The president is expected to sign an executive order Saturday that will direct his Commerce Department and the U.S. Trade Representative to perform a comprehensive study of the nation’s trade agreements to determine whether America is being treated fairly by its trading partners and the 164-nation World Trade Organization.
It’s one of two executive orders the president will sign at a shovel factory in Pennsylvania’s Cumberland County, the kind of place that propelled his surprise victory.
The last week has been a frenzy of activity at the White House as Trump and his team have tried to rack up accomplishments and make good on campaign promises before reaching the symbolic 100-day mark. In addition to the visit to the Ames tool factory, which has been manufacturing shovels since 1774, the president will hold one of his signature campaign rallies in Harrisburg to cap the occasion.
It’s a return to fundamentals for a president who has, in recent days, sounded wistful reflecting on his term so far.
Earlier this week, Trump announced his intention to work to renegotiate the North American Free Trade Agreement. He also said he would begin renegotiating a free trade deal with South Korea, with which the U.S. has a significant trade deficit.
“There isn’t a day that goes by that the president doesn’t discuss some aspect of trade,” Commerce Secretary Wilbur Ross said at the White House Friday.
The executive orders signed Saturday will mark Trump’s 31st and 32nd since taking office —- the most of any president in his first 100 days since World War II. It’s a jarring disconnect from Trump’s rhetoric during the campaign, when he railed against his predecessor’s use of the tool, which has the benefit of not needing congressional sign-off.
The more significant of the two orders will give the Commerce Department and the U.S. Trade Representative 180 days to identify violations and abuses under the country’s trade agreements and recommend solutions.
Ross said the WTO, the Geneva-based arbiter of world trade rules, is bureaucratic and outdated and needs an overhaul. Ross downplayed the possibility that the United States would consider leaving the organization but didn’t rule it out. “As any multilateral organization, there’s always the potential for modifying the rules,” he said.

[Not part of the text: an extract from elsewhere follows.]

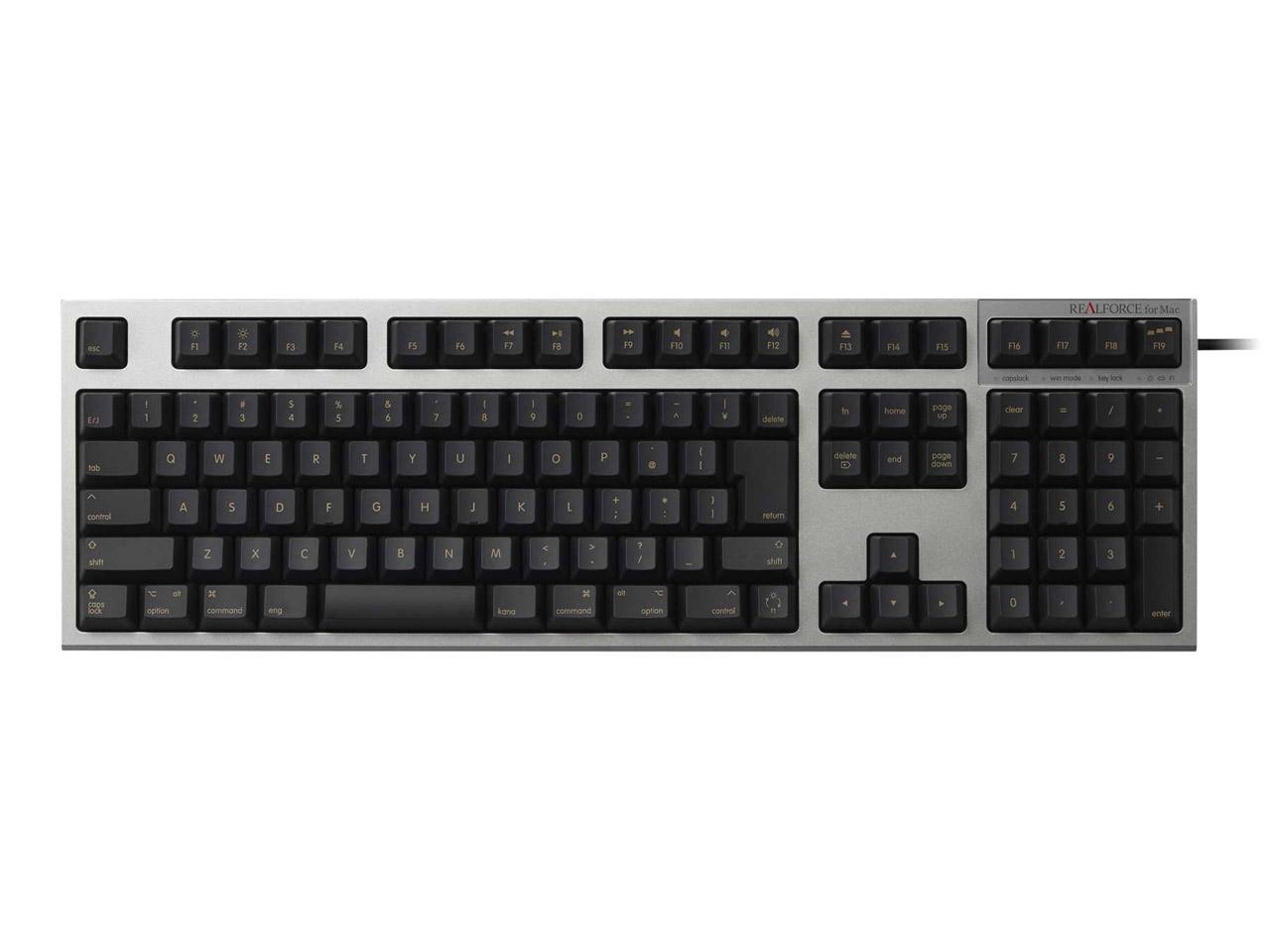 東プレ REALFORCE SA for MAC APC+静音 ブラック/シルバー R2SA-JP3M-BK(R2SA-JP3M-BK)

The administration argues that unfair competition with China and other trade partners has wiped out millions of U.S. factory jobs. Ross said dissatisfaction with trade policy is one reason voters turned to Trump.
“They’re fed up with having their jobs go offshore. They’re fed up with some of the destructive practices,” he said. “So in effect, the country said in this last election: It’s about time to fix these things. And the president heard that message.”
Trump, who campaigned on a vow to crack down on China and other trading partners, has announced several other moves on trade in recent weeks. He ordered the Commerce Department to study the causes of the United States’ massive trade deficit in goods — $734 billion last year, $347 billion with China alone. The administration is also imposing duties on Canadian softwood timber and is investigating whether steel and aluminum imports pose a threat to national security.
Robert Lighthizer, a trade lawyer Trump has nominated to be his trade representative, has criticized the 2001 decision to let China into the WTO.
Washington naively assumed China was “merely a more exotic version of Canada,” Lighthizer once testified, and would learn to live within WTO rules and open its market to American exports; instead, China has limited foreign competition, manipulated its currency and subsidized its exporters.
Ross said Friday that the WTO is too narrowly focused on limiting traditional tariffs — taxes on imports — and does little to counter less conventional barriers to trade or to police violations of intellectual property rights.
Trump has pushed a model of “reciprocal trade” agreements in which the U.S. would raise or lower tariffs on a country’s imports depending on how that country treats the U.S.